MOTION ECONOMY AND WORK EFFICIENCY
Most workers do not enjoy making unnecessary or wasted motions, particularly if they result in unnecessary fatigue. In addition to providing some social and psychological rewards, a job should be reasonably efficient Motion study helps to reduce fatigue and waste motions.
Principles of Motion economy
The rules of motion economy and efficiency which referred to hand motions of operators were developed by Gilbreths. The principles of motion economy are divided into three groups, namely:
(i) Effective use of the operator
(ii) Arrangement of the workplace
(iii) Tools and equipment.
Lists below are twenty-two principles of motion economy as developed by Barnes
A. Rules concerning use of human body,
1. The two hands should begin as well as complete their motion at the same time.
2. The two hands should not be idle at the same time except during rest periods.
3. Motions of the arms should be made in opposite and symmetrical direction, and should be made simultaneously.
4. Hand and body motions should be confined to the lowest classification with which it is possible to perform the work satisfactorily.
5. The ascending order of motion classification is:
(a) Fingers only
(b) Fingers and wrists.
(c) Fingers, wrists and lower arms.
(d) Fingers, wrists, lower and upper arms.
(e) Hands, arms and body.
6. Momentum should be employed to assist the worker wherever possible, and it should be reduced to a minimum if it must be overcome by muscular effort.
7. Smooth, continuous curved motions of the hands are preferable to straight line motions involving sudden and sharp changes in direction.
8. Ballistic movements are faster, easier and more accurate than restricted or controlled movements.
9. Work should be arranged to permit easy and natural rhythm wherever possible.
10. Eye fixation should be as free and as close together as possible.
B. Rules concerning arrangement of the work place
1. There should be a definite and fixed place for all tools and materials.
2. Tools, materials and controls should be located close to the point of use.
3. Gravity feed bins and containers should be used to deliver material close to the point of use.
4. Drop deliveries should be used wherever possible.
5. Materials and tools should be located to permit the best sequence of motions.
6. Provisions should be made for adequate conditions for seeing. Good illumination is the first requirement for satisfactory visual perception.
7. The height of the work place and the chair should preferably be arranged so that alternate sitting and standing at work are easily possible.
8. A chair of the type and height to permit good posture should be provided for every worker.

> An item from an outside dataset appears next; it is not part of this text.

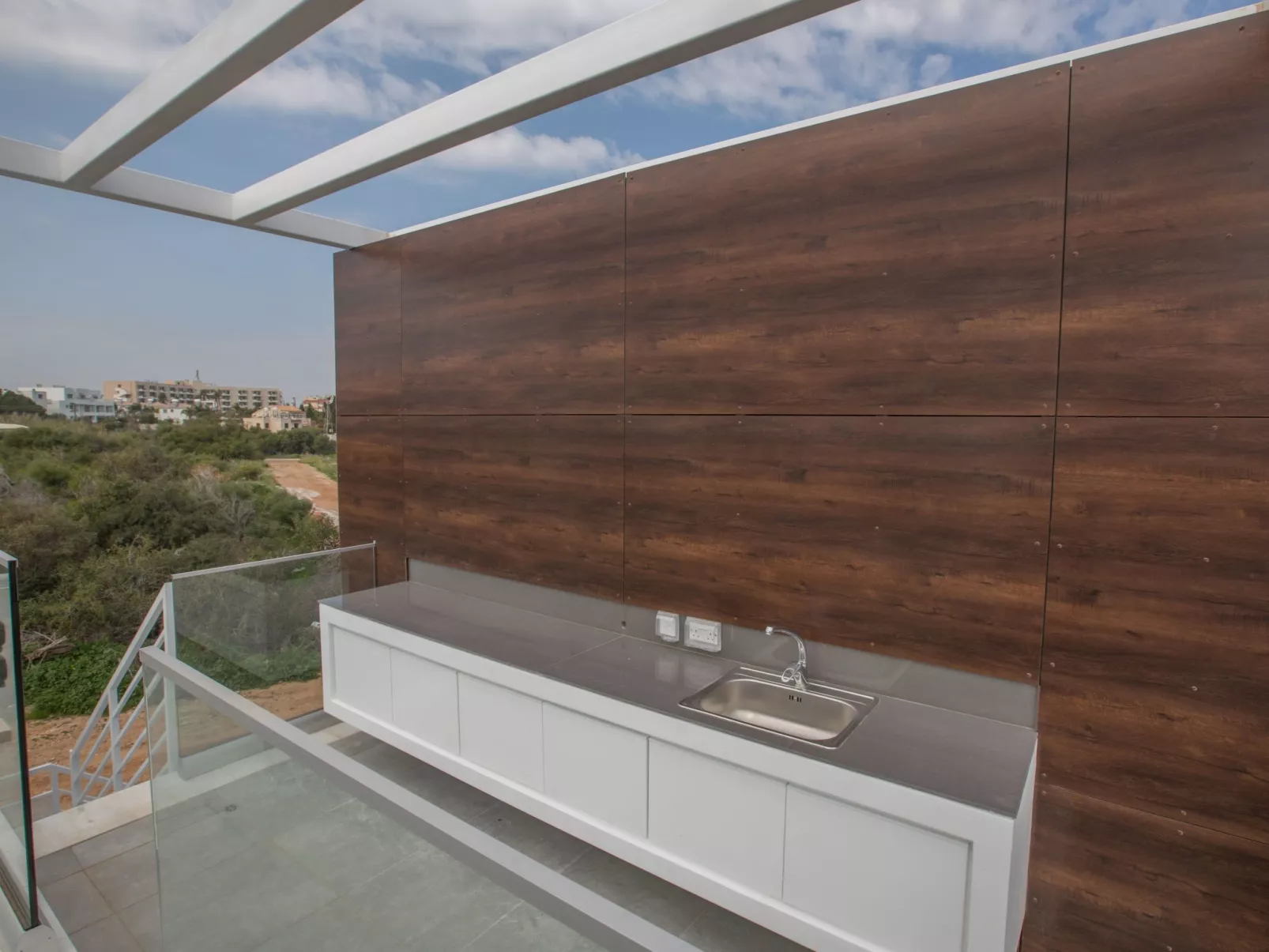 Protaras Villa mit privatem Pool und Dachgarten - Image-tags.info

C. Rules concerning the design of tools and equipment
1. The hands should be relieved of all work that can be done more advantageously by a jig, a fixture or a foot-operated device.
2. Two or more tools should be combined wherever possible.
3. Tools and materials should be pre-positioned whenever possible.
4. Where each finger performs some specific movement such as in type-writing, the load should be distributed in accordance with the inherent capacities of the fingers.
5. Levers, cross bars, and hand wheels, which should be located in such positions that the operator can manipulate them with the least change in body position and with the greatest mechanical advantage.
6. Through the application of the principles of motion economy, it is possible to greatly increase the output of manual labor with a minimum of fatigue.
Memo motion Study
Memo Motion study is a special form of micro-motion study in which motion pictures are taken at slow speed using a motion picture camera. Sixty frames per minute and one hundred frames per minute are most common.
Memo motion study has been used frequently to study the flow and handling of materials, new activities and multi-man-and machine relationships and activities of department store clerk. In addition to all the advantages of micro-motion study, it can be used at relatively low film cost and permit rapid visual review of long sequences of activities.
This technique is not usable unless the work is restricted to a general area which can be covered by a motion picture camera. If the person under observation moves from place to place, it could be difficult to use this study.